Folk art also includes the visual expressions of the wandering nomads. This is the art of people who are exposed to changing landscapes as they travel over the valleys and highlands of India. They carry with them the experiences and memories of different spaces and their art consists of the transient and dynamic pattern of life. The rural, tribal and arts of the nomads constitute the matrix of folk expression. Examples of folk artists are Warli and Gond.

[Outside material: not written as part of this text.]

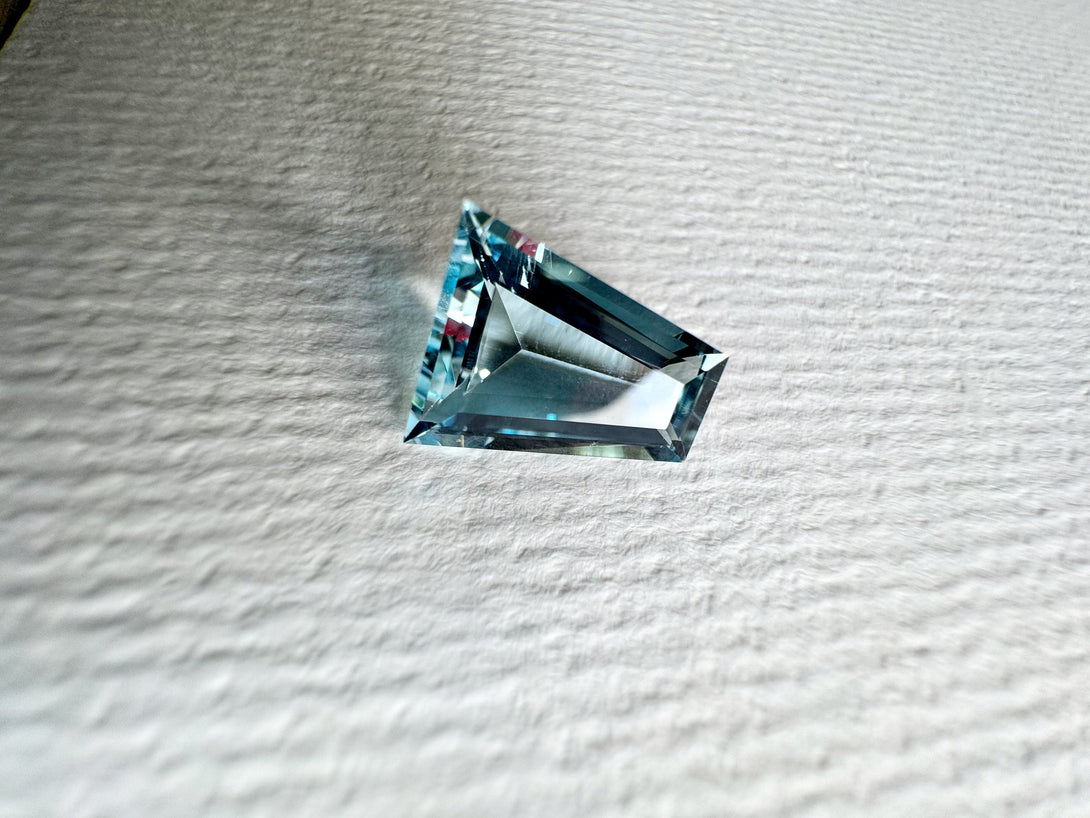 Shield Cut Sky-Blue Aquamarine | 3.6 ct Tapered Baguette - LUVICI GEMS INTERNATIONAL
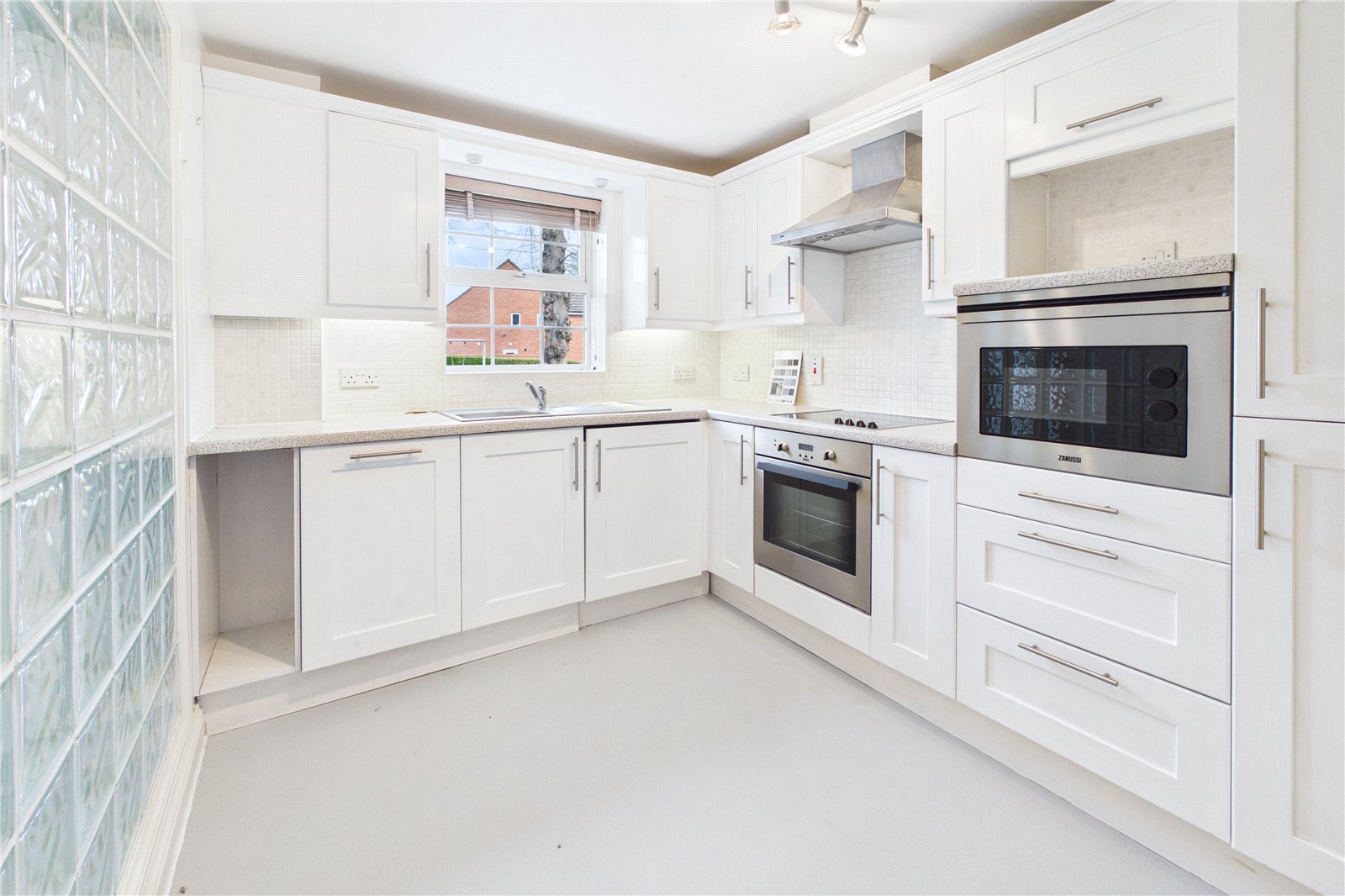 2 bedroom Flat for sale in Newbury, Berkshire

While most tribes and traditional folk artist communities are assimilated into the familiar kind of civilised life, they still continue to practice their art. Unfortunately though, market and economic forces have ensured that the numbers of these artists are dwindling. A lot of effort is being made by various NGOs and the Government of India to preserve and protect these arts and to promote them. Several scholars in India and across the world have studied these arts and some valuable scholarship is available on them. A noted art historian, Dr. Jyotindra Jain, has contributed greatly to this cause.
The folk spirit has a tremendous role to play in the development of art and in the overall consciousness of indigenous cultures. The Taj Mahal, the Ajanta and Ellora caves have become world famous. The Taj Mahal is one of the New Seven Wonders of the World.
British colonial rule had a great impact on Indian art. The old patrons of art became less wealthy and influential, and Western art more ubiquitous. Abanindranath Tagore (1871–1951), referred to as the father of Modern Indian art introduced reworked Asian styles, in alignment with a developing Indian nationalism and pan_Asianism to create a new school of art, which is today known as the Bengal school of art. Other artists of the Tagore family, such as Rabindranath Tagore (1861–1941) and Gaganendranath Tagore (1867–1938) as well as new artists of the early 20th century such as Amrita Sher-Gil (1913–1941) were responsible for introducing Avant garde western styles into Indian Art. Many other artists like Jamini Roy and later S.H. Raza took inspiration from folk traditions.
In 1947 India became independent of British rule. A group of six artists - K. H. Ara, S. K. Bakre, H. A. Gade, M.F. Husain, S.H. Raza and Francis Newton Souza - founded the Progressive Artist's Group, to establish new ways of expressing India in the post-colonial era. Though the group was dissolved in 1956, it was profoundly influential in changing the idiom of Indian art. Almost all India's major artists in the 1950s were associated with the group. Some of those who are well-known today are Bal Chabda, Manishi Dey, V. S. Gaitonde, Krishen Khanna, Ram Kumar, Tyeb Mehta, K. G. Subramanyan, A. Ramachandran, Devender Singh, Akbar Padamsee, John Wilkins, Himmat Shah and Manjit Bawa. Present-day Indian art is varied as it had been never before. Among the best-known artists of the newer generation include Bose Krishnamachari and Bikash Bhattacharya. Another prominent Pakistani modernist was Ismail Gulgee, who after about 1960 adopted an abstract idiom that combines aspects of Islamic calligraphy with an abstract expressionist (or gestural abstractionist) sensibility.
From the 1990s onwards, Indian artists began to increase the forms they used in their work. Painting and sculpture remained important, though in the work of leading artists such as Nalini Malani, Subodh Gupta, Narayanan Ramachandran, Vivan Sundaram, Jitish Kallat, they often found radical new directions. Bharti Dayal has chosen to handle the traditional Mithila painting in most contemporary way and created her own style through the exercises of her own imagination, they appear fresh and unusual.
The increase in discourse about Indian art, in English as well as vernacular Indian languages, changed the way art was perceived in the art schools. Critical approach became rigorous; critics like Geeta Kapur, R. Siva Kumar,Shivaji K. Panikkar, Ranjit Hoskote, amongst others, contributed to re-thinking contemporary art practice in India. The last decade or so has also witnessed an increase in art magazines like Art India, Art & Deal, Indian Contemporary Art Journal and Art Etc. complementing the catalogues produce by the respective galleries.